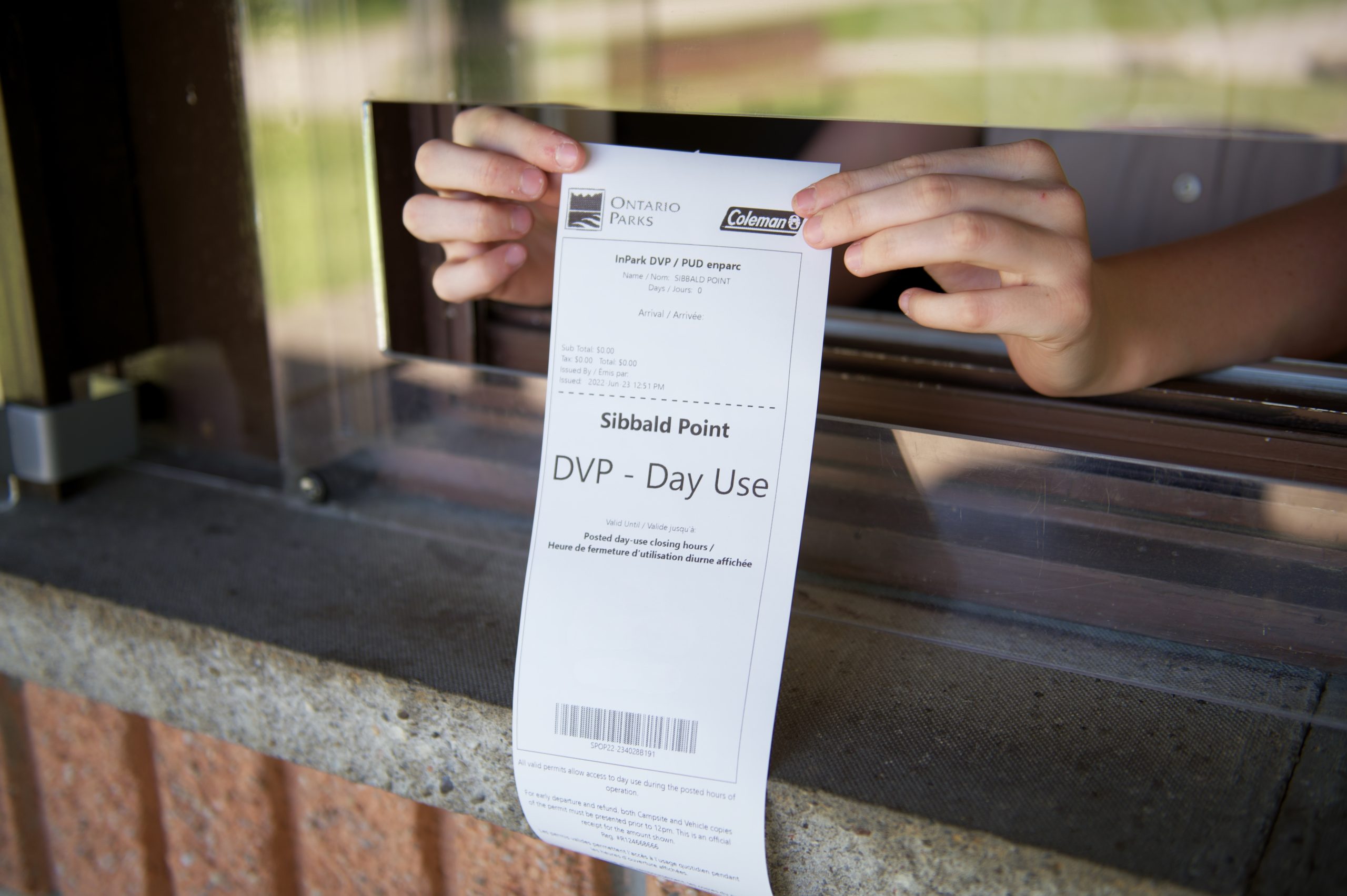 A daily vehicle permit being held out of a service window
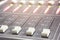 Professional audio mixing console with faders and adjusting knobs - radio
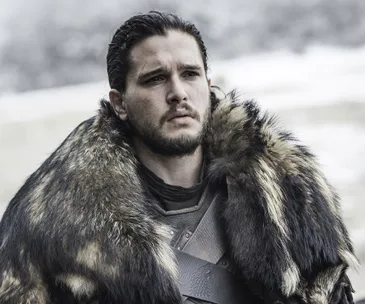 Kit Harington as Jon Snow in "Game of Thrones," wearing a fur cloak, looking pensive outdoors.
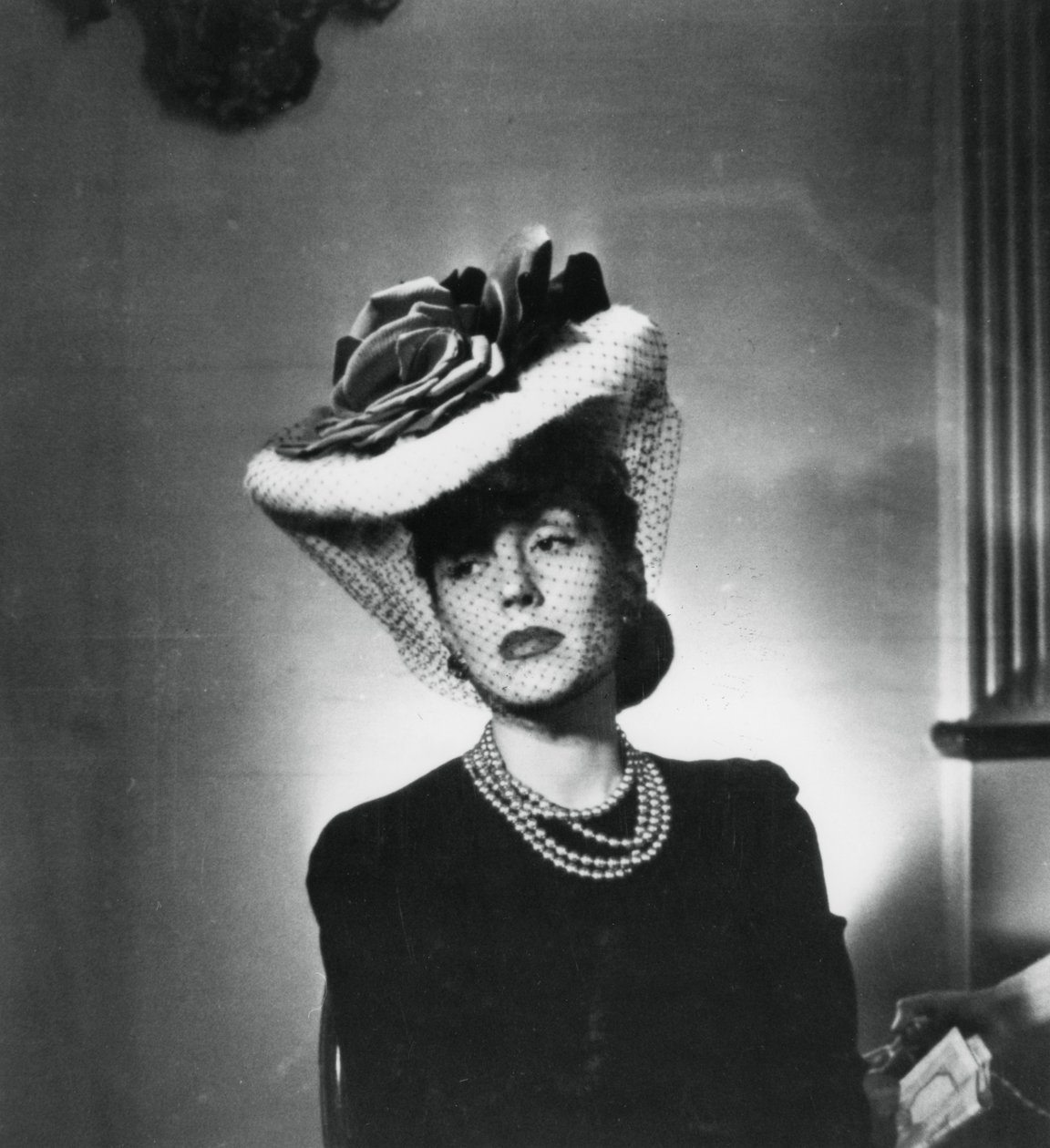 Woman Wearing a Hat and Veil by the French Fashion Designer Jacques Fath by Unbekannt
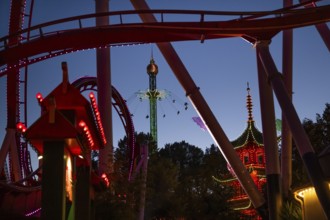 Roller coaster, chain carousel and pagoda at night, Tivoli Amusement and Recreation Park,
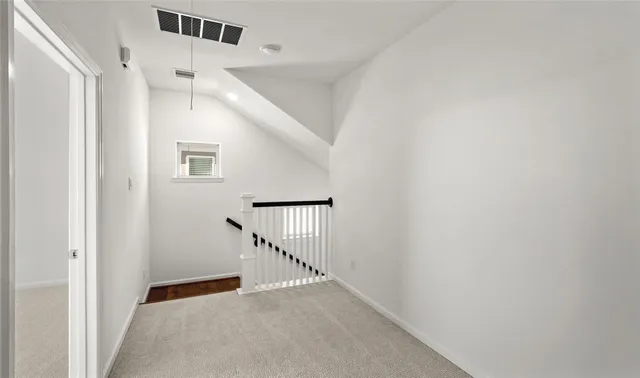 a view of a hallway with staircase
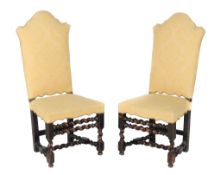 A pair of ebonised walnut highback side chairs , circa 1700, each with yellow upholstery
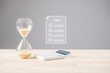 © sorapop - Tax sandglass shows time running out, calculator ready for business money management, deadline approaching for corporate income payment and financial year invoice due day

····················

### Task description
From the first line above to the last, copy the records exactly but omit the pictures.

### Written response
 A daily vehicle permit being held out of a service window
 Professional audio mixing console with faders and adjusting knobs - radio
 Kit Harington as Jon Snow in "Game of Thrones," wearing a fur cloak, looking pensive outdoors.
 Woman Wearing a Hat and Veil by the French Fashion Designer Jacques Fath by Unbekannt
 Roller coaster, chain carousel and pagoda at night, Tivoli Amusement and Recreation Park,
 a view of a hallway with staircase
 A pair of ebonised walnut highback side chairs , circa 1700, each with yellow upholstery
 © sorapop - Tax sandglass shows time running out, calculator ready for business money management, deadline approaching for corporate income payment and financial year invoice due day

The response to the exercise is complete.